Liam Shea is a fairy–the kind with golden eyes, green blood, dragonfly wings, and an adverse reaction to iron. Gay? Well, he might be that as well. His dads, now split up, definitely are. Through an episodic series of linked short stories, we follow Liam from childhood to adolescence to what might or might not be death as he finds love and family and walks between fairyland and our world.
The first three installments: “The Wild Fairy,” “The Ordinary Boy,” and “His Dads” lay the foundation by exploring Liam’s origins (a baby who died during birth but was switched out with a fairy changeling) and his difficult adolescence due to any number of differences distinguishing him from his friends. One might assume the book continues to be an interesting exercise into fantasy. With “The Changeling,” however, another far darker dimension opens up. Liam’s fairy puberty results in a type of pon farr, and his sexual awakening turns both polyamorous (he mates with both a male and a female human who have been turned out of the fairy world for some transgressions) and violent as the male dies and his body deposited through the doorway into fairyland.
From here on out, Liam straddles the border between his world and ours.
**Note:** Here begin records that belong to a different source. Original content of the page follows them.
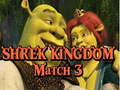 Cluiche Cluiche Shrek Ríocht 3 ar líne  ar líne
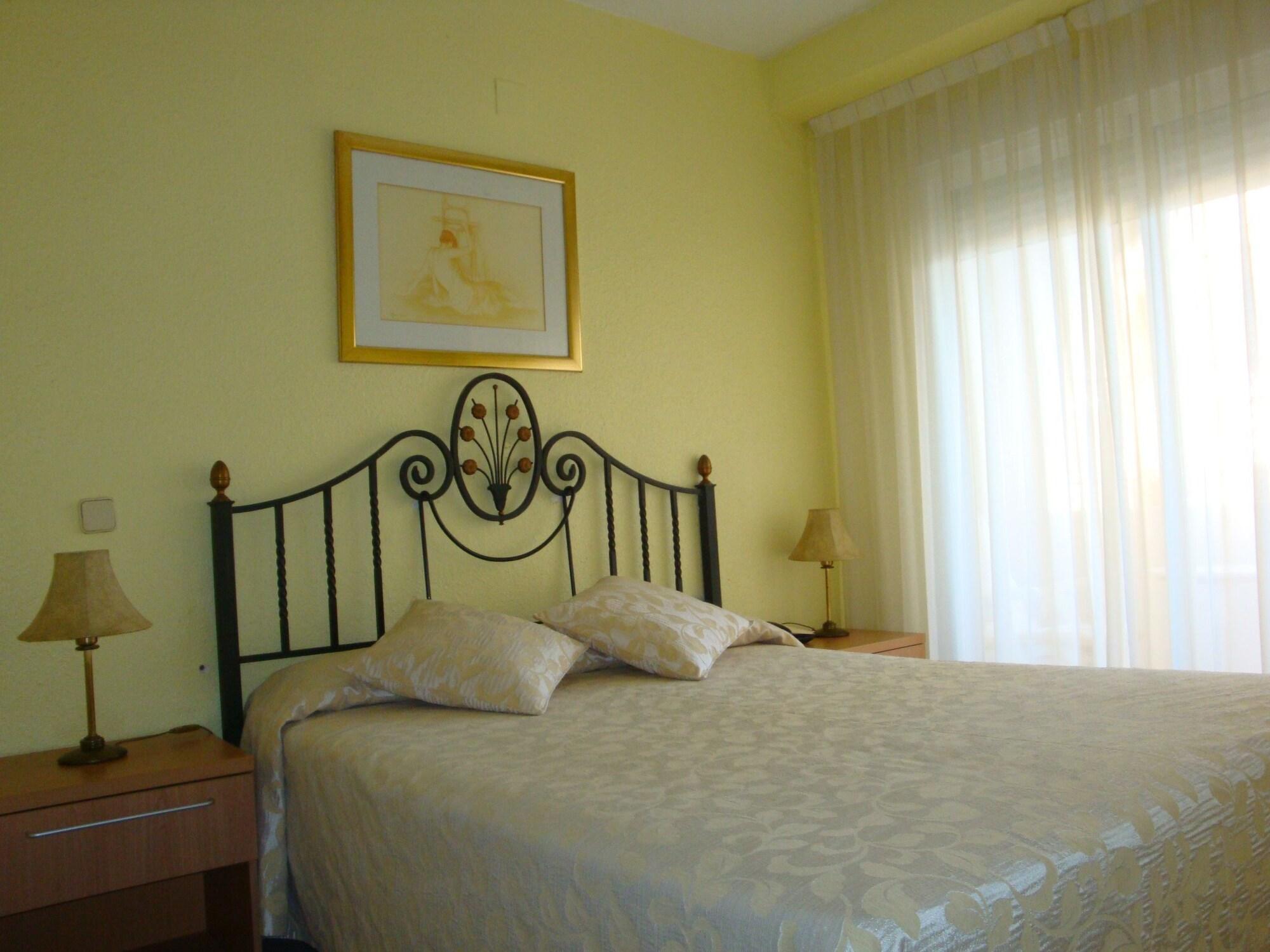 Felipe II Otel Peñíscola Dış mekan fotoğraf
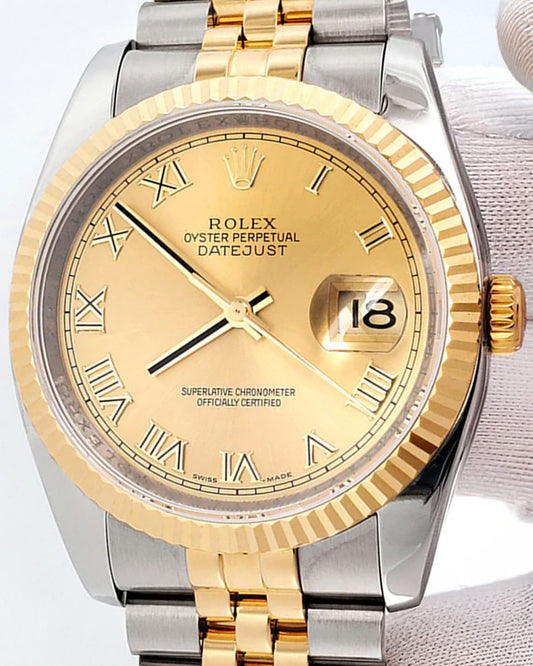 Rolex 116233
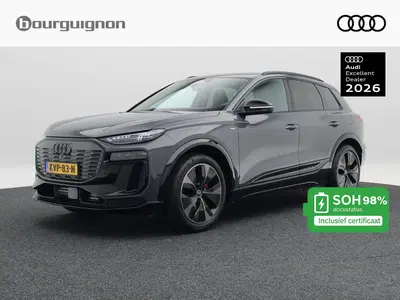 Audi Q6 e-tron S edition performance 100 kWh 306 Pk uit 2025
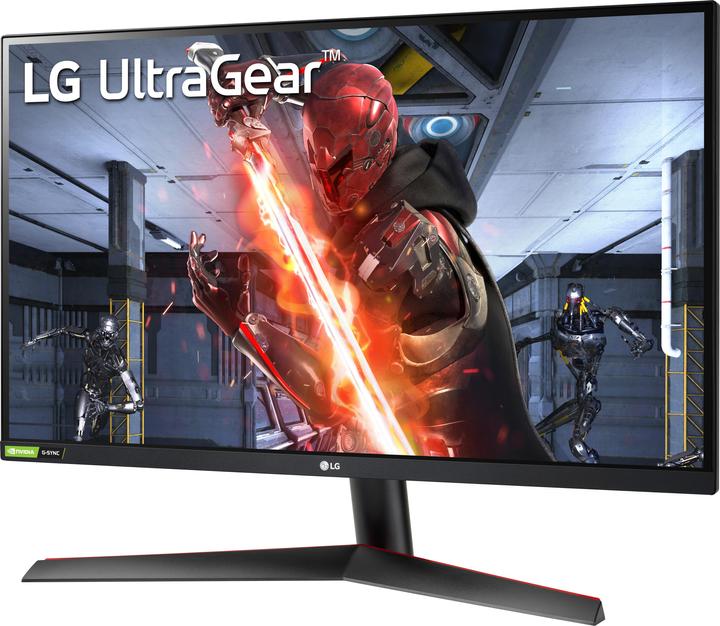 Immagine prodotto LG 27GN800P-B (2560 x 1440 pixel, 27")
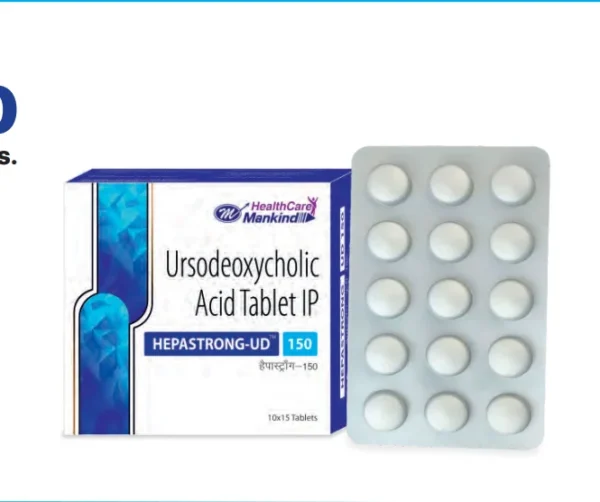 Hepastrong UD Tablet, 150 mg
Along the way, he falls in love, marries, divorces and remarries a man who bullied him as a boy, finds himself a pornographer as well as a gardener, takes care of foundlings society has washed up on their doorstep, and becomes a frequent visitor to the other land, which seems to repel him as much as attract him. I tried to pull a paragraph or two from the sections describing these lands but found they required context for their power. That said, Jeffers has a remarkable talent for setting that otherworldly scene. His prose is literary yet accessible and not pedantic.
More importantly, his characters never become caricatures. They never lose their essential human qualities, so they never seem less than universal. And he never loses sight of his characters. In the last installment, “His Husband,” the number of offspring by marriage and/or relationships threatens to overwhelm, but Jeffers reins it back just in time, delivering a finale as dramatic as it is satisfying. That Door is a Mischief is a remarkable read full of magic, wonder, and terrible beauty. Highly recommended.